## [DATA EXCERPTS]
►

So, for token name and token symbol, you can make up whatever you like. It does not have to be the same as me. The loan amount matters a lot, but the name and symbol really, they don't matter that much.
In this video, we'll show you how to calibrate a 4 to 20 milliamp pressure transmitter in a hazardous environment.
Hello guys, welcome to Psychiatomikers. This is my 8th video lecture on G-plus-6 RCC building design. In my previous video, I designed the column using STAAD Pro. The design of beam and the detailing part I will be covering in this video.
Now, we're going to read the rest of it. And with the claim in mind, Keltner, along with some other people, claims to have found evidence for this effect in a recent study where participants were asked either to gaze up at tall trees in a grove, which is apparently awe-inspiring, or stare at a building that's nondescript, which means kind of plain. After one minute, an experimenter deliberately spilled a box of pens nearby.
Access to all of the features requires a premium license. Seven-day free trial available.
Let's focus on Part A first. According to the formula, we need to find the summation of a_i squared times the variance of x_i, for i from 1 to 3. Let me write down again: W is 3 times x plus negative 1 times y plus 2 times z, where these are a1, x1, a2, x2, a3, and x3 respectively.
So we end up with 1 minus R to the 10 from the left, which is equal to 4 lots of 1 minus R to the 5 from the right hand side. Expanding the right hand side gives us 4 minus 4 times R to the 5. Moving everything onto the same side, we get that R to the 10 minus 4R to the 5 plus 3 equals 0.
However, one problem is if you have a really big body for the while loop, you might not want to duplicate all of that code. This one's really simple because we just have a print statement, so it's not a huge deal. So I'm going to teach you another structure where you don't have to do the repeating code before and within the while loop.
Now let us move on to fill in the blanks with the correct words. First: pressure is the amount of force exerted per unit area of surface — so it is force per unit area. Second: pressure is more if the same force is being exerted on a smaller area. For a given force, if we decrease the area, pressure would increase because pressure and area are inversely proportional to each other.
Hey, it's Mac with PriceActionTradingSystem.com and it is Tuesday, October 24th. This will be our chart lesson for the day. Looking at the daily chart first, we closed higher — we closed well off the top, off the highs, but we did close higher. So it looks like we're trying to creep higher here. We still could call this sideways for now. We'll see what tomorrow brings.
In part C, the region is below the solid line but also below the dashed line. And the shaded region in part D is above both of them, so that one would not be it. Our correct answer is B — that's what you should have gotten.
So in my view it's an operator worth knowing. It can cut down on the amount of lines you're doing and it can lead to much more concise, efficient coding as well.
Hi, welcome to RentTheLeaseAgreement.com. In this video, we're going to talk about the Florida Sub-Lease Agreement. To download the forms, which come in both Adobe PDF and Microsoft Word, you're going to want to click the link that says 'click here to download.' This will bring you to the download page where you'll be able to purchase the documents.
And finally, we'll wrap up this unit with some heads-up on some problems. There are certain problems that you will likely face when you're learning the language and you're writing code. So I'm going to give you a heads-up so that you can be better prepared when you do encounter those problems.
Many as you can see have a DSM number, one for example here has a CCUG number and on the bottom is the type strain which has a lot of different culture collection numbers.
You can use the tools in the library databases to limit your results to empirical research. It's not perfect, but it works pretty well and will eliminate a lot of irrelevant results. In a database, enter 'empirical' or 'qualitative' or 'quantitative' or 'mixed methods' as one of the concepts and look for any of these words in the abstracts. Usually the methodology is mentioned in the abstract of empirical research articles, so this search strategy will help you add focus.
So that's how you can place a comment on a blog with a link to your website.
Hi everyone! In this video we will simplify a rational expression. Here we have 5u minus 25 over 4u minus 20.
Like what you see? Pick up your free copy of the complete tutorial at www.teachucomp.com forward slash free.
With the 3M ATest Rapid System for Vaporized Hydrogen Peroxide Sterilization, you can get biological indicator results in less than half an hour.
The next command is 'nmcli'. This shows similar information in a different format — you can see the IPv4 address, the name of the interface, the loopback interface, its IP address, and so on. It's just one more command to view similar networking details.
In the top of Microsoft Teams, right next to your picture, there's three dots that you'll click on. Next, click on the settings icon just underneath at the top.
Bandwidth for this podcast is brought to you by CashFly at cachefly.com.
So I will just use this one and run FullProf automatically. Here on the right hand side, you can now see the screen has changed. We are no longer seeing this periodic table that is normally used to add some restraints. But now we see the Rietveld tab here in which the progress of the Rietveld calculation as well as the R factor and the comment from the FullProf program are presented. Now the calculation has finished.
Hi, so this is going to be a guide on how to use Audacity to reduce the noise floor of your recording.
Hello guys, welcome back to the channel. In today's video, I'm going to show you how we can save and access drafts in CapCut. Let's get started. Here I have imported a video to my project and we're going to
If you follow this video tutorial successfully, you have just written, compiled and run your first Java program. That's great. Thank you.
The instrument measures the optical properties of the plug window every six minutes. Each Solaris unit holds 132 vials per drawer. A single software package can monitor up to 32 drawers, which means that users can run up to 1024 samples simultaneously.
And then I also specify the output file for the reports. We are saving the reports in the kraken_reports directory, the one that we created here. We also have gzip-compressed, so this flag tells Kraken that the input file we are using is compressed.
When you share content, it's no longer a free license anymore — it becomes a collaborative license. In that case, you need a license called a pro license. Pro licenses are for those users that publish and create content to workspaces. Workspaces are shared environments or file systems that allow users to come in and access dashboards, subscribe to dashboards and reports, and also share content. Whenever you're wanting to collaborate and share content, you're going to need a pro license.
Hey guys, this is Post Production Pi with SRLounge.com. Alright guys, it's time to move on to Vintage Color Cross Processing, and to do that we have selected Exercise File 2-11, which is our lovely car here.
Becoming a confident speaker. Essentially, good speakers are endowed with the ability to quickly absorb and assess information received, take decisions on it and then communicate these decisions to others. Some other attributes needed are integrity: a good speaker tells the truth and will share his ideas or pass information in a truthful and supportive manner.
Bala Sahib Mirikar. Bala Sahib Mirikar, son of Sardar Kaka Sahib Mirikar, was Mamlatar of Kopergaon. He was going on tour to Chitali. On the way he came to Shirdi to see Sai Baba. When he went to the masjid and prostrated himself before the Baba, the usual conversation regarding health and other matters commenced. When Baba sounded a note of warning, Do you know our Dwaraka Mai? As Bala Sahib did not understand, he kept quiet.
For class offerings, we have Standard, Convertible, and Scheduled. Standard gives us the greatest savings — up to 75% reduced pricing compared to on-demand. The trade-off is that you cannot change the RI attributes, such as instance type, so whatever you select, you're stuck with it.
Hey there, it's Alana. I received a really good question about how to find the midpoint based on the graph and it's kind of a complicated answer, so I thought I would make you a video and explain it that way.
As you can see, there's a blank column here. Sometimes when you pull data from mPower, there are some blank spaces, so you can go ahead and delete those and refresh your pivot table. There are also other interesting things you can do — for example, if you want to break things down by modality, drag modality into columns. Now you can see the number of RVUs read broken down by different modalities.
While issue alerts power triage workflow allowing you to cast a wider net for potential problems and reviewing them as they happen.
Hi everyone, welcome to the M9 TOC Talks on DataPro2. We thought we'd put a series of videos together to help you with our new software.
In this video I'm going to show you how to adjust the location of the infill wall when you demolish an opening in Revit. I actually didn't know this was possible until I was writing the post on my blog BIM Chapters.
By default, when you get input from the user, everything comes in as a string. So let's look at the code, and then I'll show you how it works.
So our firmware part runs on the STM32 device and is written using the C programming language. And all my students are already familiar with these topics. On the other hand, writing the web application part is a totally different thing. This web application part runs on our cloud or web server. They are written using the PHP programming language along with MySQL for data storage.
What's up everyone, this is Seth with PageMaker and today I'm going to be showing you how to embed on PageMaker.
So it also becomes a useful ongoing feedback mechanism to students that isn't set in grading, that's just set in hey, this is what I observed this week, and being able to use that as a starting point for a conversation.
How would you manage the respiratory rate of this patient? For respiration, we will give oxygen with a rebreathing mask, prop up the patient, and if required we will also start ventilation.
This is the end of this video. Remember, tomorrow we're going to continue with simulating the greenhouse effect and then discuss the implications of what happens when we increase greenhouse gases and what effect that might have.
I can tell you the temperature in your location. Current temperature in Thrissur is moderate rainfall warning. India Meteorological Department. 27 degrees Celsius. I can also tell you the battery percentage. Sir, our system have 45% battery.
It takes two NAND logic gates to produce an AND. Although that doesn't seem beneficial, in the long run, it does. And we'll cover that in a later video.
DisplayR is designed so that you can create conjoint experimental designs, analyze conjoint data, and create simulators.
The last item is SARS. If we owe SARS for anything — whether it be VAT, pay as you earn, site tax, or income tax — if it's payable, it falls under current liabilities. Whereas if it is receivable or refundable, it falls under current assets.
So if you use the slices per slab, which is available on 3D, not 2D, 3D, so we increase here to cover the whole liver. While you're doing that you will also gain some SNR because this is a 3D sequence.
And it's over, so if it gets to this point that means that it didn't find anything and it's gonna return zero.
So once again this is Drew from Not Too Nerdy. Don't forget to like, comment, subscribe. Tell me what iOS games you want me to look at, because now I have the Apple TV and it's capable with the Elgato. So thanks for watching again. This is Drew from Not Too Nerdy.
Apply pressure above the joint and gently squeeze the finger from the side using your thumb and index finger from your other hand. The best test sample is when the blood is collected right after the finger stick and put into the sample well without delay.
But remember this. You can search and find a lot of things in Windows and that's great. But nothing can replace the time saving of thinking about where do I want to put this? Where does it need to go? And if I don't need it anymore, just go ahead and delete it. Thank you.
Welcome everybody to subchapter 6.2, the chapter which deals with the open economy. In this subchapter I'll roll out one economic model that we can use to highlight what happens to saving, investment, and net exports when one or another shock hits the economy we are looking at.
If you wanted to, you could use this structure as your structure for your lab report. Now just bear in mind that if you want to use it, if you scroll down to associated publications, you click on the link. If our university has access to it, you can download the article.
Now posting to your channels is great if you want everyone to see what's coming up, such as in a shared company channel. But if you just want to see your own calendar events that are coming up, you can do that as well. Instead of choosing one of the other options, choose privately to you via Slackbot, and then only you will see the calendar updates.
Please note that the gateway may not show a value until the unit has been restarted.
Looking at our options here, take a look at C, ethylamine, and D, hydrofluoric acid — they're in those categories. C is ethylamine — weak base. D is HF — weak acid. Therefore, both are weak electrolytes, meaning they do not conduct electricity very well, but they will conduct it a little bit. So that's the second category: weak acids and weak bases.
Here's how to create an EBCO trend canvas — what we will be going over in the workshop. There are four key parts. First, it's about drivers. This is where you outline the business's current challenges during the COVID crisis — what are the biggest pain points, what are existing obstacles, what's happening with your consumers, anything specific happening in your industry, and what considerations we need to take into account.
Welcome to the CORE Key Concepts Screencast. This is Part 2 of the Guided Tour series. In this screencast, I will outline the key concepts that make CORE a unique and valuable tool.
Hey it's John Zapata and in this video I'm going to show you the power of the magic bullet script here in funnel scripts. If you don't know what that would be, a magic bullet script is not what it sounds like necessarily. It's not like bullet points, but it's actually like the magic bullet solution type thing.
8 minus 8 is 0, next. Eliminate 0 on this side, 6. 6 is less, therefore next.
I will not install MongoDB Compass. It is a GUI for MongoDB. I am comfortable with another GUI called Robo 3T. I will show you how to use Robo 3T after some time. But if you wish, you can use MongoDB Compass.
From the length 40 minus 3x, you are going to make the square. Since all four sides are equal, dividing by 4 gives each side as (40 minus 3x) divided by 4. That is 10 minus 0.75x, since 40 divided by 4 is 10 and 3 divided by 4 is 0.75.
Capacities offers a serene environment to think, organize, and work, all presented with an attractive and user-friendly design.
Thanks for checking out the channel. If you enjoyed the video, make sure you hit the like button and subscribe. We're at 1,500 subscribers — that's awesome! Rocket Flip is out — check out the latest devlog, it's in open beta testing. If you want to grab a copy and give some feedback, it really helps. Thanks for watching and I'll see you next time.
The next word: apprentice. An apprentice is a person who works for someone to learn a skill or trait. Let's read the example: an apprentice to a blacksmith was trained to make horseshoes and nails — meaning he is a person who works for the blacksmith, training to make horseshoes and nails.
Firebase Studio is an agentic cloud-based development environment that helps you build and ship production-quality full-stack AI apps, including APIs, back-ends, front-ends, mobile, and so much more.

◄

## [EXERCISE INSTRUCTIONS]
The lines to copy run from the start of the records above through the line holding "In this video, we'll"; give them exactly, both ends included, and nothing else.

## [SOLUTION]
So, for token name and token symbol, you can make up whatever you like. It does not have to be the same as me. The loan amount matters a lot, but the name and symbol really, they don't matter that much.
In this video, we'll show you how to calibrate a 4 to 20 milliamp pressure transmitter in a hazardous environment.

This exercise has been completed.